_Directions_. Return the listing exactly as it appears, but strip out the images.

_Supplied data_.
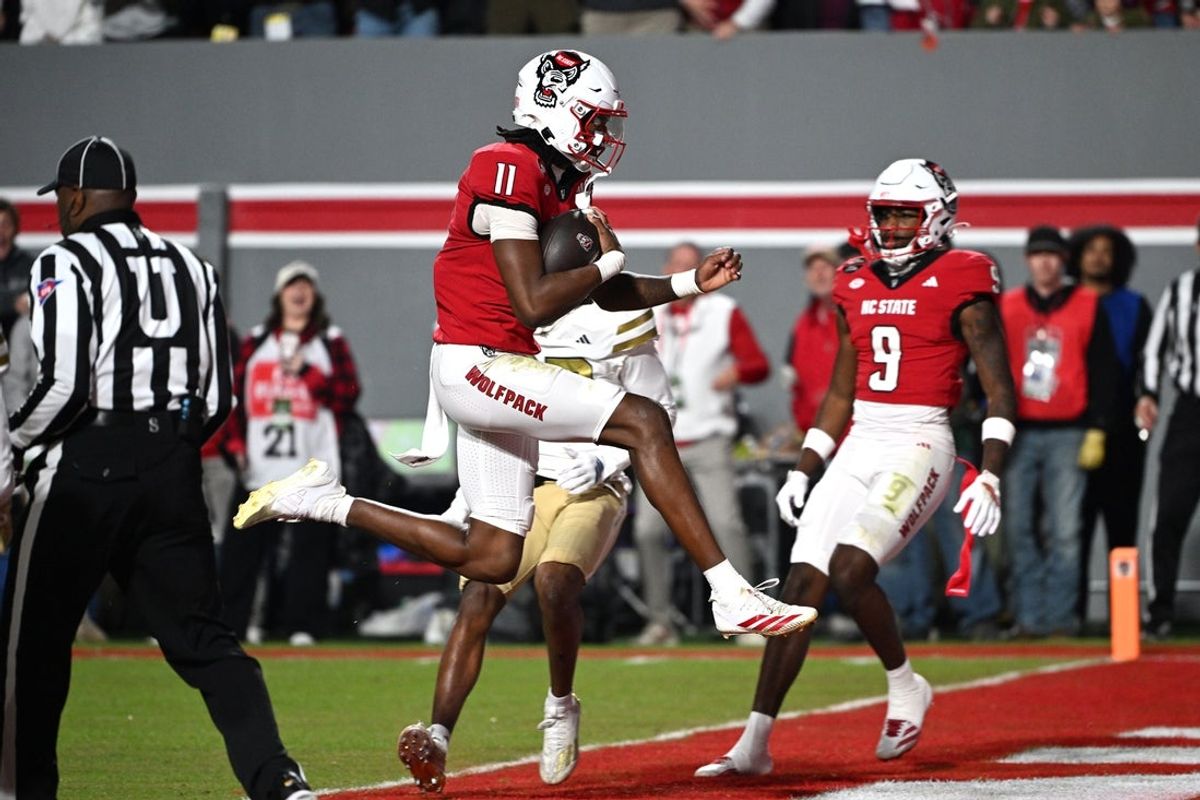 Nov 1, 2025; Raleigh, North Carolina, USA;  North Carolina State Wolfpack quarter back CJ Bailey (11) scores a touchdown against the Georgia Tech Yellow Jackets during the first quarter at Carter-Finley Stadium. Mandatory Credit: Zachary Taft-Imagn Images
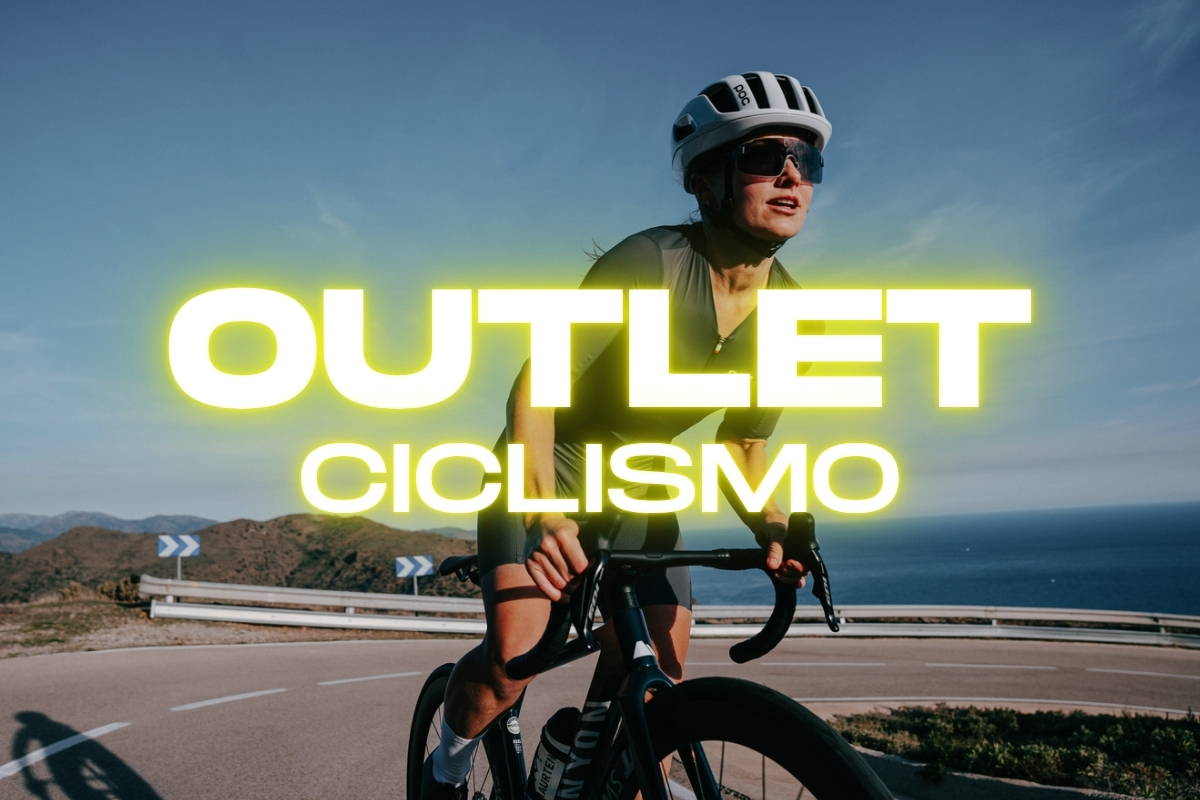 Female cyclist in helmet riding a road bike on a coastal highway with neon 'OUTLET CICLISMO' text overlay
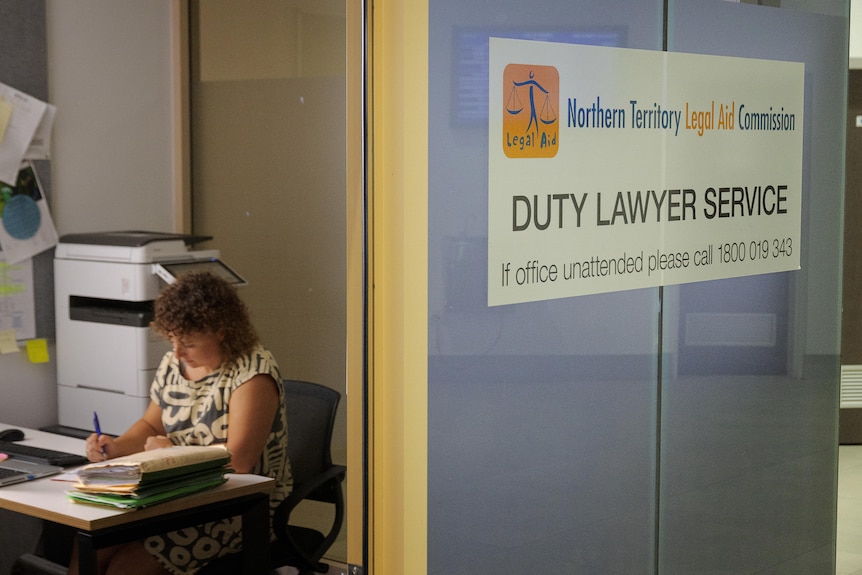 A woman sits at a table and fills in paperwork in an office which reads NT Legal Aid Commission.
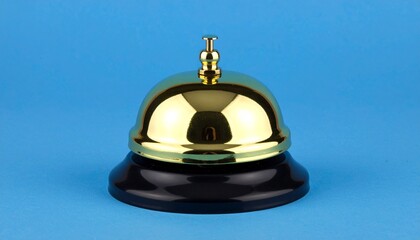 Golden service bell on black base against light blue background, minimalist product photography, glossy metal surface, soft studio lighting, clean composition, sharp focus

_Result_.
 Nov 1, 2025; Raleigh, North Carolina, USA;  North Carolina State Wolfpack quarter back CJ Bailey (11) scores a touchdown against the Georgia Tech Yellow Jackets during the first quarter at Carter-Finley Stadium. Mandatory Credit: Zachary Taft-Imagn Images
 Female cyclist in helmet riding a road bike on a coastal highway with neon 'OUTLET CICLISMO' text overlay
 A woman sits at a table and fills in paperwork in an office which reads NT Legal Aid Commission.
 Golden service bell on black base against light blue background, minimalist product photography, glossy metal surface, soft studio lighting, clean composition, sharp focus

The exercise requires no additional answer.